Érasme, surnommé le "Prince des humanistes", était un des plus grand succès de librairie de son temps. Franck Hieronymus a estimé que les œuvres d'Érasme ont bénéficié, avant la mort de l'écrivain en 1536, d'environ 1260 impressions ou réimpressions. Si nous multiplions ce nombre par un tirage moyen de 1'000 exemplaires, qui est même légèrement sous-évalué, nous obtenons plus de 1,2 millions d'exemplaires. Ce chiffre, qui ne tient pas compte des éditions philologiques d'auteurs antiques réalisées par Érasme, reste certes théorique. Il peut cependant nous donner une idée de la présence de l'humaniste hollandais dans le paysage éditorial du début du XVIe siècle. Bien entendu, la grande majorité des ouvrages ainsi recensés correspond à des réimpressions faites par des imprimeurs avec lesquels Érasme n'a eu aucun contact direct.
La question centrale de cette étude est de savoir ce que l'humaniste pensait de l'imprimerie et comment il a évalué et valorisé le pouvoir de ce moyen de communication.

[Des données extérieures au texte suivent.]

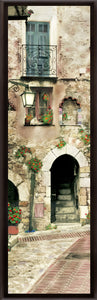 "Cat in a Medieval Window" TALL SKINNY CANVAS FRAMED PRINT "15 X 45"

Considère-t-il comme Rabelais dans son Pantagruel que c'est une invention divine, favorisant considérablement la cause des bonnes lettres et de l'humanisme? ou à l'inverse comme une technique au pouvoir dangereux, qu'il s'agit de contrôler soigneusement?
Il apparaît qu'Érasme, fort conscient du pouvoir de l'imprimerie, cherche certes à l'employer au mieux, mais également parfois à en limiter l'emploi pour les autres. Ce désir exprimé par l'humaniste que les autorités contrôlent la production imprimée est en effet passé sous silence par les spécialistes d'Érasme. Lorsqu'ils abordent le thème de la censure, c'est seulement pour indiquer les interdictions qui ont frappé les œuvres de l'humaniste, jamais pour se demander comment Érasme jugeait la censure de manière générale.